*Recorded data*:
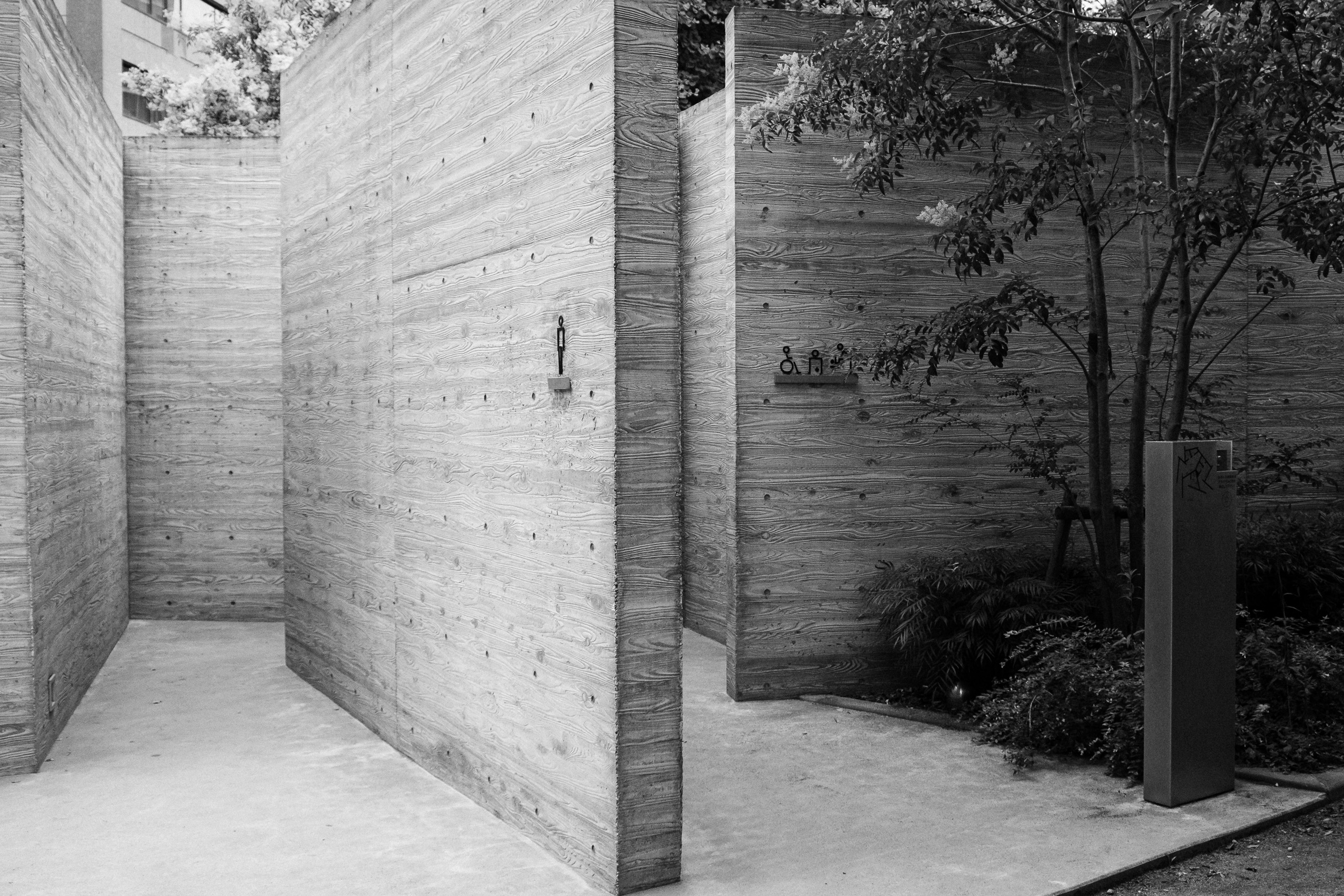 Board-formed concrete walls with wood grain texture beside a small tree, black and white.
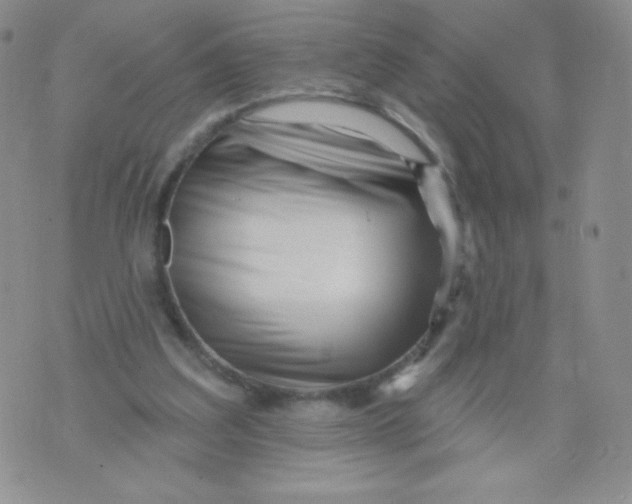 X0000071850203200607211900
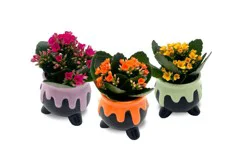 Mini Cauldron Flowering Plants - Assorted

*Assignment*:
Reproduce the lines above exactly, please, but not the pictures in them.

*Output of the task*:
 Board-formed concrete walls with wood grain texture beside a small tree, black and white.
 X0000071850203200607211900
 Mini Cauldron Flowering Plants - Assorted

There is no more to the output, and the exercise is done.